The news reports have been positively breathless with the fevered anticipation of more aggression by the United States, and still more by President Obama, the Nobel Peace Laureate. The reports and images (real and imagined) of gas attacks against civilians have generated the requisite reaction from those of us far away (as they should when innocent lives are taken, whether by chemical or conventional weapons). And so the Syrian issue has sucked all the air out of the news cycle, as it will continue to do for some time yet. Though, the notion that the deaths of 1,500 Syrians from a suspected Sarin gas attack somehow requires an immediate response from the world community when 100,000 casualties in that country's ongoing civil war has merited till now no substantial interest is, I humbly submit, disingenuous and self-serving on the part of those so ardently pressing for military action.
Before we jump into the equivalency at the heart of my post, lets recap the current situation in the Situation Room. Over the past two weeks, President Obama has veered from unrelenting warrior to committed diplomat (for the moment, and because he doesn't have the support in Congress).
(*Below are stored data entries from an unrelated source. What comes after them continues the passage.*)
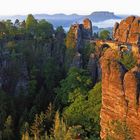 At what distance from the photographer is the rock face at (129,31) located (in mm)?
85500

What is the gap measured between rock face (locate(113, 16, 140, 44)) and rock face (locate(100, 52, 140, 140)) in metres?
38.8

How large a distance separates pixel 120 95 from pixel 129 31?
43.5 meters

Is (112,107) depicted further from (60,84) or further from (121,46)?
(121,46)

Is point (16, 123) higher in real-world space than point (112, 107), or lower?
lower

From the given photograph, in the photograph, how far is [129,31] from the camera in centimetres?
8669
He had previously drawn a red line in the Syrian sand, and told Bashar al-Assad he not dare cross it. And when it was crossed (allegedly) by someone (we know not yet who, with any certainty), Obama's widely reported revulsion at the deaths of these innocents caused him to rev up America's war machine once more.
Britain's Prime Minister, wishing to participate in yet another grand adventure -- so as to enhance the special relationship -- becoming, in the process, an international statesman in the likeness of Tony Blair (because that's what war does), assumed his parliament would fall in line with more bloodshed in the Middle East (justified and righteous, of course). But to David Cameron's great surprise (and to the UK's supposed humiliation) democracy actually worked, and the members of parliament correctly divined the wariness of their constituents who, sensibly, did not want to sanction another fiasco even remotely similar to Iraq. And thus Britain has been forced to watch from the sidelines, and Cameron suffered his isolation in St Petersburg.
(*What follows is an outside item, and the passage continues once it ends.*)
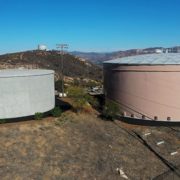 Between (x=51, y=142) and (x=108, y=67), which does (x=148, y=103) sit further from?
(x=51, y=142)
Meanwhile, President Obama, finding himself alone and exposed in the international community (and not wanting to wait for clarification from the UN inspectors), even as he reached his own judgment, was forced to seek ratification from Congress. The world watched that process unfold on its well-worn and familiar track of manufacturing consent. Surprisingly, for the moment at least, American public opinion may have snatched from this President his "responsibility to protect". Obama and his surrogates had begun a full court press on the Hill and in the media, even as he sought some personal cover by saying, "I didn't set a red line. The world did." Except, he did set the red line and, thankfully, has been called out for his hypocrisy and duplicity (see here, here, here, here, here and here, among the many examples).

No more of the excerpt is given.